Lamella domes in the United States

L. Bass
Assistant Professor, Architectural Engineering, Oklahoma State University, Stillwater, Oklahoma
Chief Engineer, Roof Structures Inc., St. Louis, Missouri
Principal, Orr, Bass & Assoc., Stillwater, Oklahoma

excerpt from Space Structures, Davies, R.M., ed. New York: John Wiley & Sons, 1967.

Many examples of statically determinate pin jointed framed domes have appeared in the United States recently. Analysis methods vary and include model testing techniques, pierced membrane analogies and space truss solutions. Of the three methods, model tests are likely to be the most accurate. Some of the pin jointed domes, which will be called Type I, are not framed with rotational symmetry and all are subject to unsymmetrical loadings...

Some variations in pin jointed dome patterns are shown in figures 1a to 1d. The frames shown in 1a and 1b are of Type I in its most commonly built form. The largest Type I dome to date is approximately 240 ft. in diameter.

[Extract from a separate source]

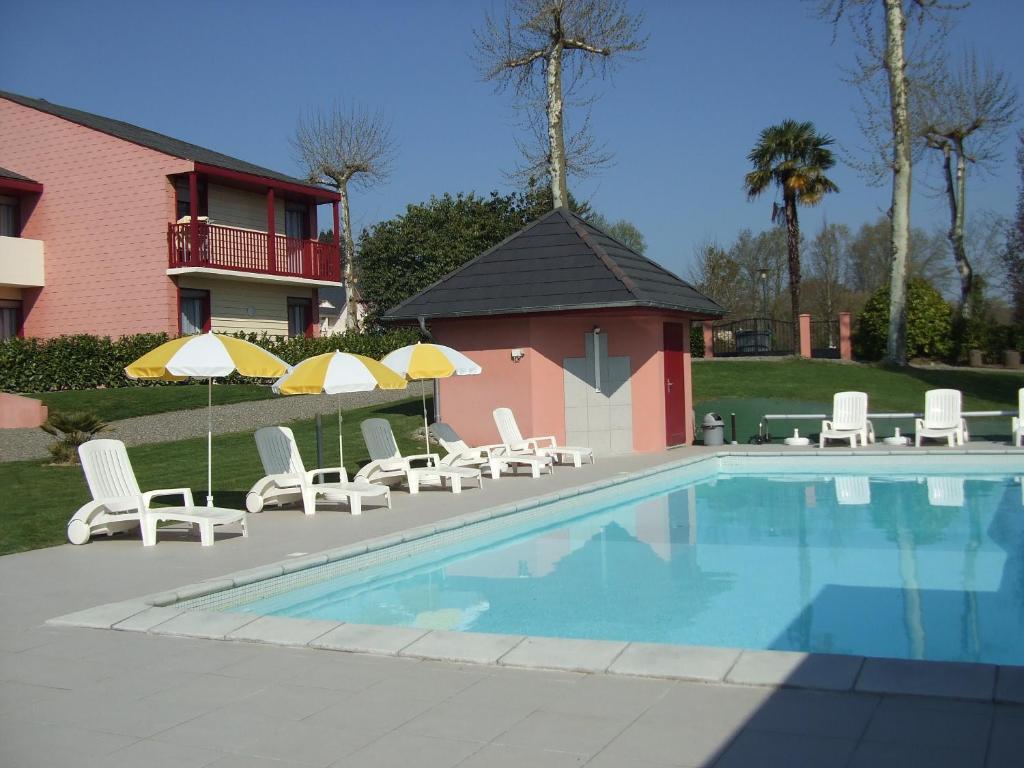 Les Pavillons Du Rooy Apartment Salies-de-Bearn Ruang foto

Figure I. (a) to (d) Variations in lamella frames.
a- top left
b- top right
c- bottom left
d- bottom right
Figures 2,3 and 4 depict timber Lamella domes which are combinations of the Type I shown in figures 1a and 1b...

Figure 2. Gymnasium, St. Joseph, Missouri.

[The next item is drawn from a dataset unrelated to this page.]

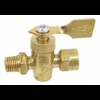 Brass Fuel Tap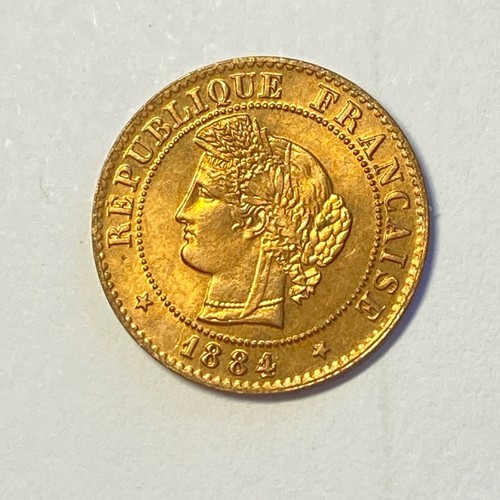 10749 1 centime - #10749, 1884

Figure 3. Church, Ft. Lauderdale, Florida.

Figure 4. Auditorium, Frederick, Oklahoma.

Figures 5 to 8 depict two steel domes similar to the type shown in figure 1b. Figures 5 to 7 are illustrations of the Harris County Sports Stadium located in Houston, Texas. The architects for this structure were Lloyd & Morgan - Wilson, Morris, Crane & Anderson, and the consulting engineers for the dome structure were Roof Structures Inc., St. Louis, Missouri, with whom the author is associated.

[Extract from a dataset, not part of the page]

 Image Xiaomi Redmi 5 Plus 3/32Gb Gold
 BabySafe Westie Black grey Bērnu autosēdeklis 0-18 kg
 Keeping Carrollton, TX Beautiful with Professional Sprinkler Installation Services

Figure 5. Sports stadium, Houston, Texas.

Figure 6. Sports stadium, Houston, Texas.

Figure 7. Sports stadium, Houston, Texas.

Figure 8 is a 270 ft. diameter steel Lamella, Type II frame, located in Green Bay, Wisconsin.

Figure 8. Auditorium, Green Bay, Wisconsin.

The roof deck for these domes is non-structural, but the sub purlin arrangement furnishes secondary bracing for the dome framing. Both installations are supported on columns pinned radially and fixed tangentially at the outer ring. In the Houston dome, temperature variations displaced the sunward columns by as much as 2 inches radially at their tops in an effective length of 6 ft. 0 in. This action presented some problems in the plumbing of the columns during erection. Thiry-seven temporary erection towers were used for scaffolding, and the longer Lamella units were required to be in excess of 120 ft in length in order to span between scaffold towers. Special cranes with boom length up to 275 ft. were used to lift units up to the 210 ft clear center height. The weight of the roof structure including the outer (tension) ring was slightly less than 16 lbs/sq.ft.

The preparation of the Houston dome analysis was an interesting experience in engineering consultation. The author headed the research team at Roof Structures Inc. and prepared three test models. Two of the models were instrumented with electric strain gauges and loaded to determine the validity of the method of analysis. One of the structural models is shown in figure 9. Test data indicated that the analysis for the model had an error of less than 20 per cent. This error was partially due to model fabrication inaccuracies and instrumentation of the model.

Figure 9. Test model for Houston, Texas.

The third model was fabricated to scale and represented the surface of the stadium for wind tunnel tests. 48 runs of different variety were made and the wind forces idealised for design application to the real structure. Results generally agreed with data in the ASCE publication Wind Bracing in Steel Buildings, Final Report of Sub-Committee No. 31 (Trans. Am. Soc. civ. Engrs, 105, 1713-1739, 1940.). The consulting firm of Walter Moore, Houston, Texas, selected the live load conditions which were 15 lbs/sq.ft snow load and 130 mph wind velocity.

Roof Structures engaged Z.S. Makowski, Dean, Faculty of Engineering, University of Surrey as consultant to check the analysis. Praeger, Kavanaugh & Waterbury, Consulting Engineers, New York were engaged by the architects for a second check of the analysis.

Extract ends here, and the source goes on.